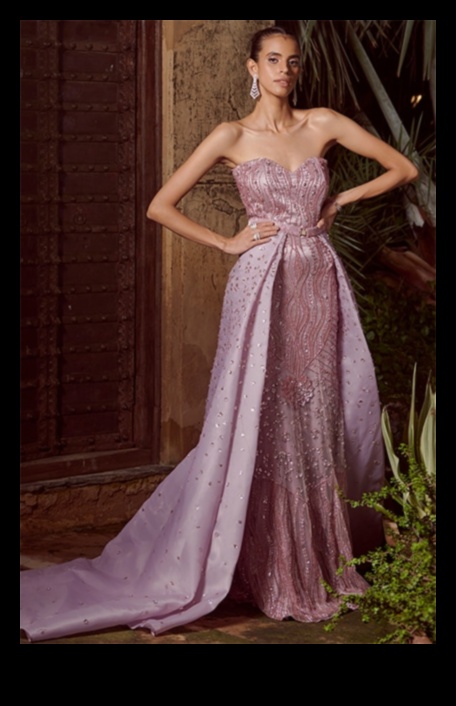 Trendsetting Brides: Couture Marvels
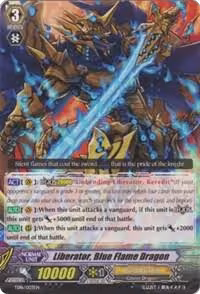 Liberator, Blue Flame Dragon (TD16/003EN) — card price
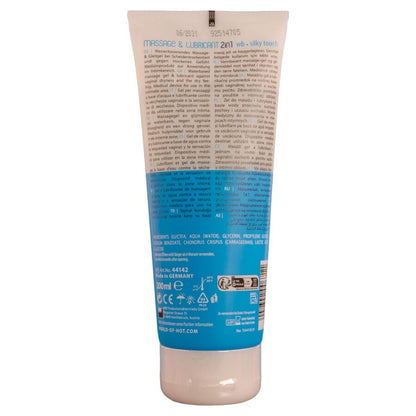 HOT - GEL DE MASSAGEM E DESLIZAMENTO 2 EM 1 COM TOQUE SEDOSO 200ML - Infernum Store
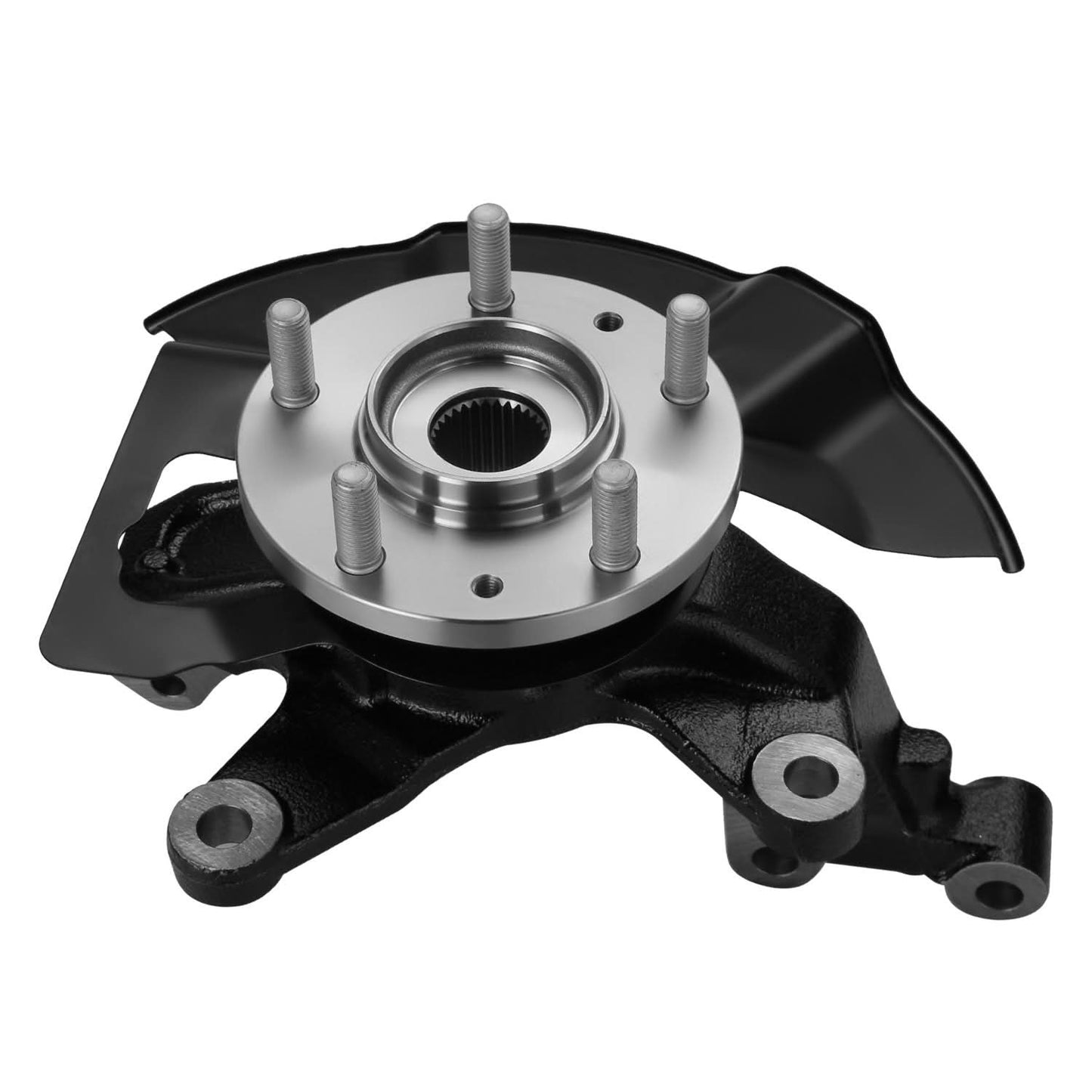 2007-2015 Mazda CX-7 CX-9 Front Right Loaded Knuckle Assembly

Try it: Leaving out every picture, extract verbatim the lines from the one containing "Liberator, Blue Flame" through the last line of the listing, inclusive.

Response box:
 Liberator, Blue Flame Dragon (TD16/003EN) — card price
 HOT - GEL DE MASSAGEM E DESLIZAMENTO 2 EM 1 COM TOQUE SEDOSO 200ML - Infernum Store
 2007-2015 Mazda CX-7 CX-9 Front Right Loaded Knuckle Assembly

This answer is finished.